Toilet paper holders are an incredibly important facet of European bathroom design. The earliest known toilet paper holders are thought to be those found in the tomb of Tutankhamun, while recently unearthed records of toilet paper holder practices in ancient Greece are now bringing us fresh insight into the contrasting cultures of Sparta and Athens. In ancient Rome, toilet paper holders designed by Vitruvius were prized as status symbols, whereas in the later Byzantine Empire, the aesthetic qualities of the toilet paper itself, rather than of the holder, come to the fore for the first time, as evidenced by the lovely icon paper shown right, with its obvious religious significance. The toilet paper holder, previously an essentially secular item except for its little-understood function in Egyptian burial customs, also emerges as religiously central in early Christianity, with an important role to play in the myth of the Holy Grail itself.
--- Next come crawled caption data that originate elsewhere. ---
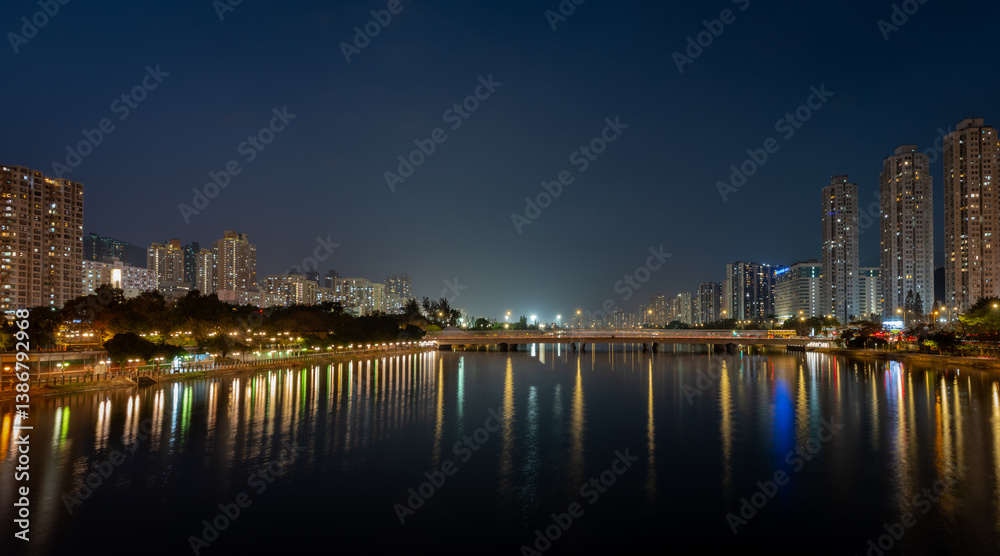Fototapeta premium A night view of Sha Tin city showing modern high rise housing development on both banks of the Shing Mum River. Hong Kong.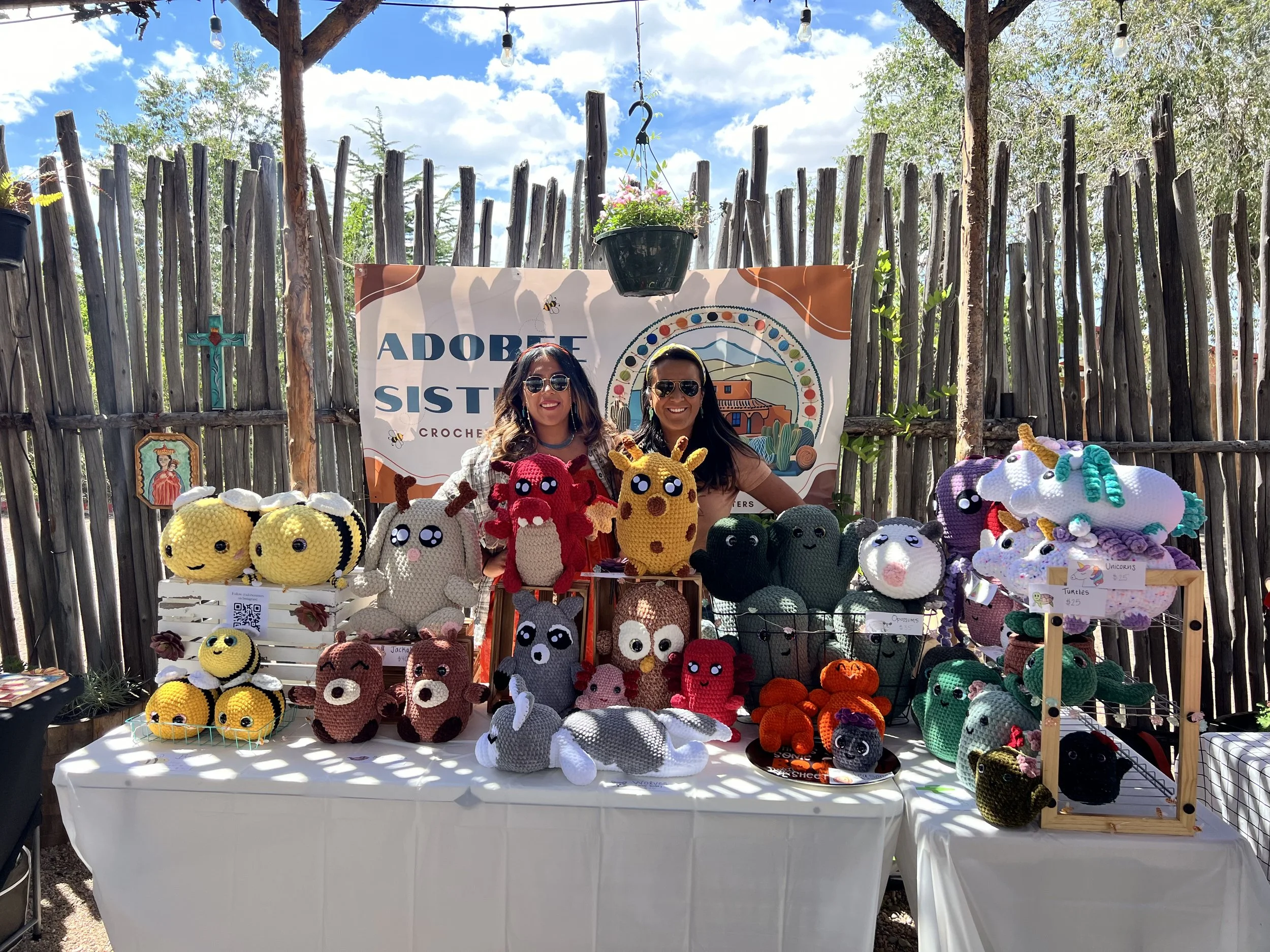 the two adobee sisters standing and smiling in front of their booth with a collection of crochet animals.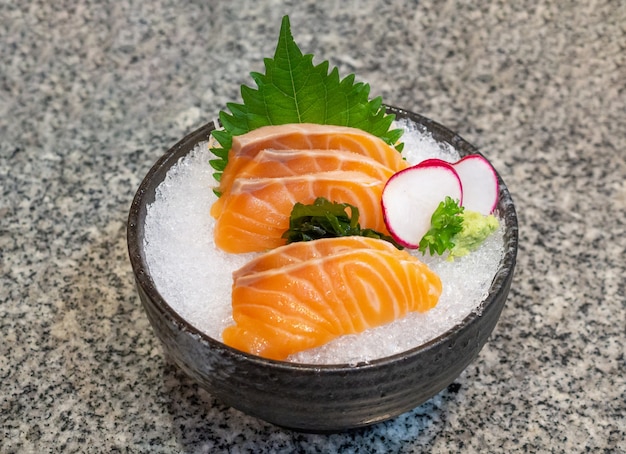 Sashimi z łososia na lodzie w czarnej misce japońskie jedzenie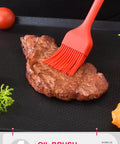 Red silicone oil brush applying marinade on steak in barbecue tools image.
Some recently discovered British Bronze Age cave paintings have provided detailed evidence for the previously disputed nature of the use of toilet paper holders by sun worshippers at Stonehenge.

The artistic glory days of the European toilet paper holder were however the 16th to early 20th centuries, with their splendour of bathroom fittings stretching unbroken from Palladio to Fabergé. Individual toilet paper holders of spectacular opulence have again and again played key roles at crisis points in European history: a uniquely alarming Palladian polar bear holder dissuaded England's Virgin Queen Elizabeth I from marriage with the King of Sweden, one jewelled Fabergé holder precipitated the Russian Revolution, and another exacerbated the course of World War I. In spite of the historical importance of these cultural artefacts, their own history is surprisingly under-researched. Some feminist scholars ascribe this disproportion to the masculine domination technique of "toilet humor", meaning to belittle and ridicule toilet paper holders and other door furniture in the essentially feminine space of the bathroom.